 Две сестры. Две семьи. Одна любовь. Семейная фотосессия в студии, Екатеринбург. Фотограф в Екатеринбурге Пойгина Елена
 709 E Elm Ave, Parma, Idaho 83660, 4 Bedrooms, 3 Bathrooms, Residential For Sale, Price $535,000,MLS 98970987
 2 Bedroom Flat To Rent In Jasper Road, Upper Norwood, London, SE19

---

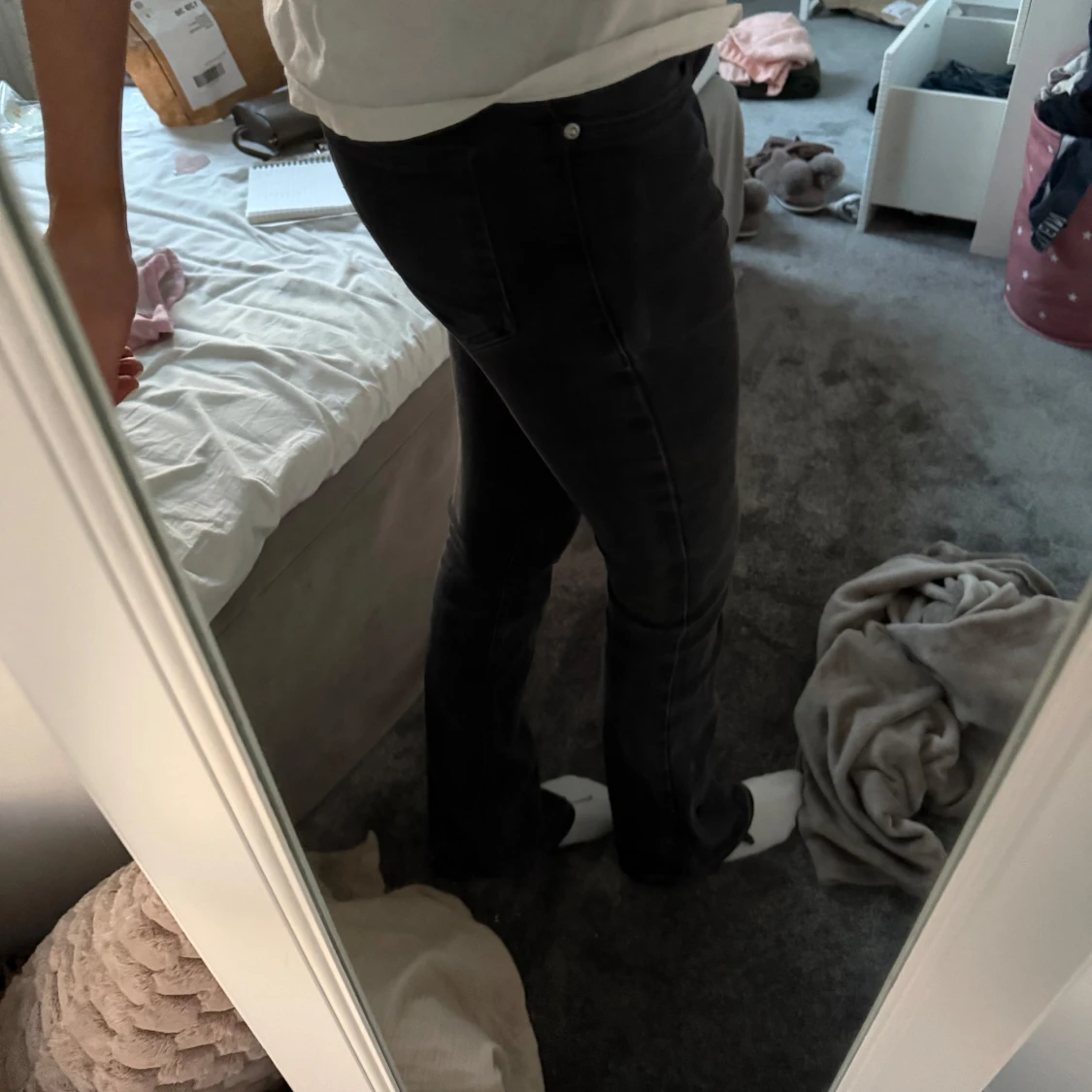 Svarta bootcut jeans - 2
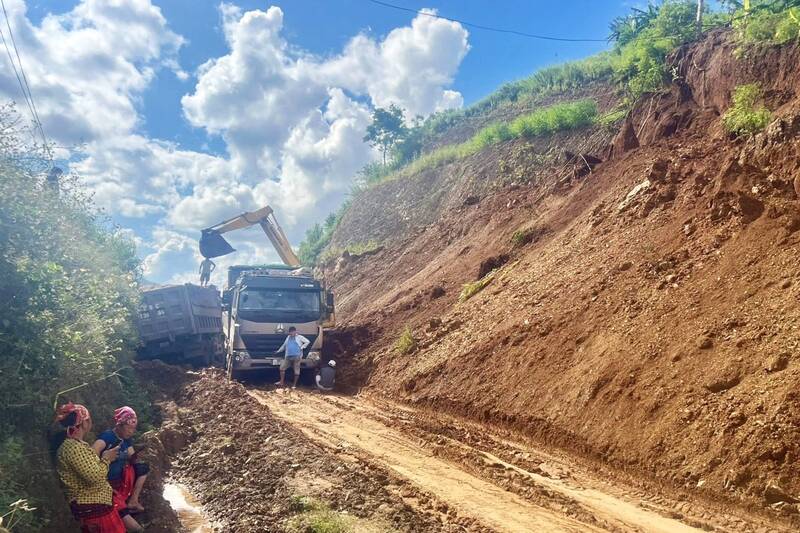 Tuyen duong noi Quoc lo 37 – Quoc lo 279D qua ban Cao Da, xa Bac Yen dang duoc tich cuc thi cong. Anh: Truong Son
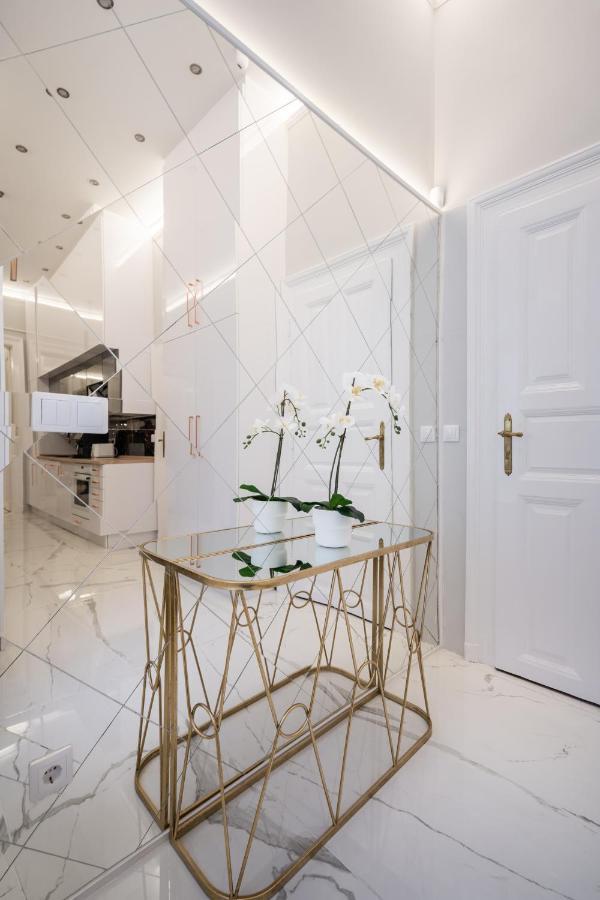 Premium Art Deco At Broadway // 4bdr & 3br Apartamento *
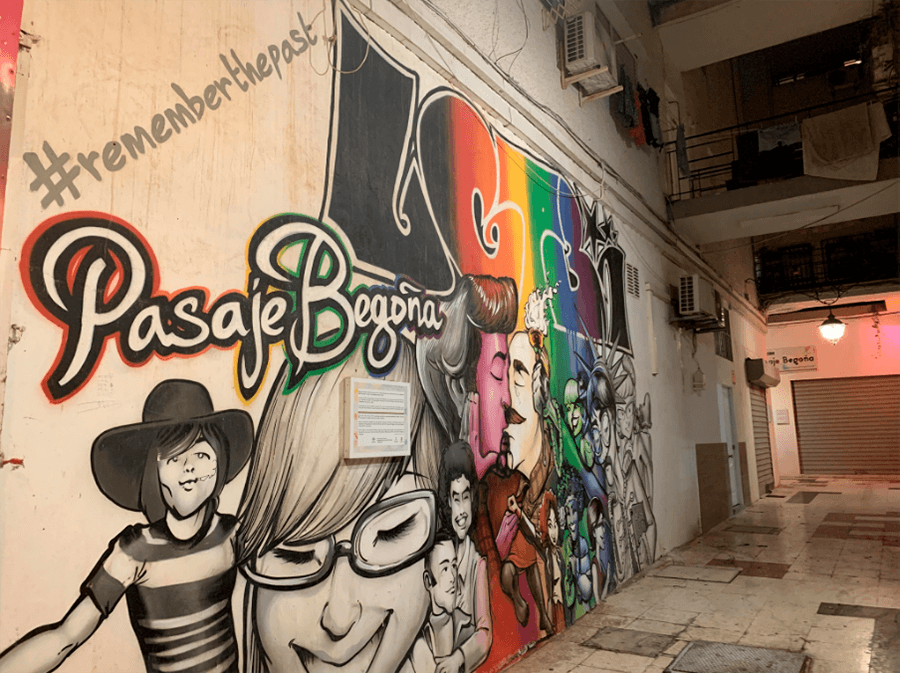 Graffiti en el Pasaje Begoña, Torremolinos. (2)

Work required:
Taking the entries above, restate exactly those lines that fall between the line with "Две сестры. Две" and the line with "2 Bedroom Flat", keeping both of those lines too.

Exercise response:
 Две сестры. Две семьи. Одна любовь. Семейная фотосессия в студии, Екатеринбург. Фотограф в Екатеринбурге Пойгина Елена
 709 E Elm Ave, Parma, Idaho 83660, 4 Bedrooms, 3 Bathrooms, Residential For Sale, Price $535,000,MLS 98970987
 2 Bedroom Flat To Rent In Jasper Road, Upper Norwood, London, SE19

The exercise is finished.